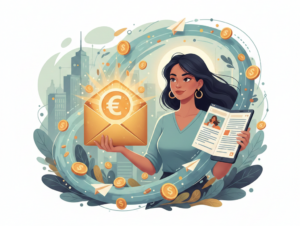 Femme tenant une enveloppe d'argent et une tablette numérique.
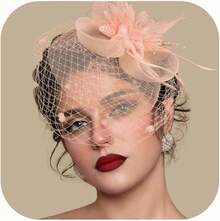 Fascinators Hats Women Tea Party Hat Mesh Headband Vintage Lace Cocktail Headwear Hair Clip Church - 香檳色 - 查看 1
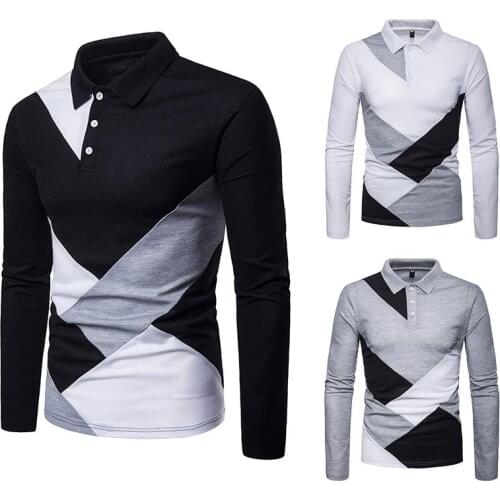 Mens T-Shirt Long Sleeve Turn Down Collar Pullover Polo Shirt with Irregular Splicing Casual Slim Type Tops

● **GOAL OF THE EXERCISE**
Copy the lines above exactly and exclude every image.

● **SOLUTION**
 Femme tenant une enveloppe d'argent et une tablette numérique.
 Fascinators Hats Women Tea Party Hat Mesh Headband Vintage Lace Cocktail Headwear Hair Clip Church - 香檳色 - 查看 1
 Mens T-Shirt Long Sleeve Turn Down Collar Pullover Polo Shirt with Irregular Splicing Casual Slim Type Tops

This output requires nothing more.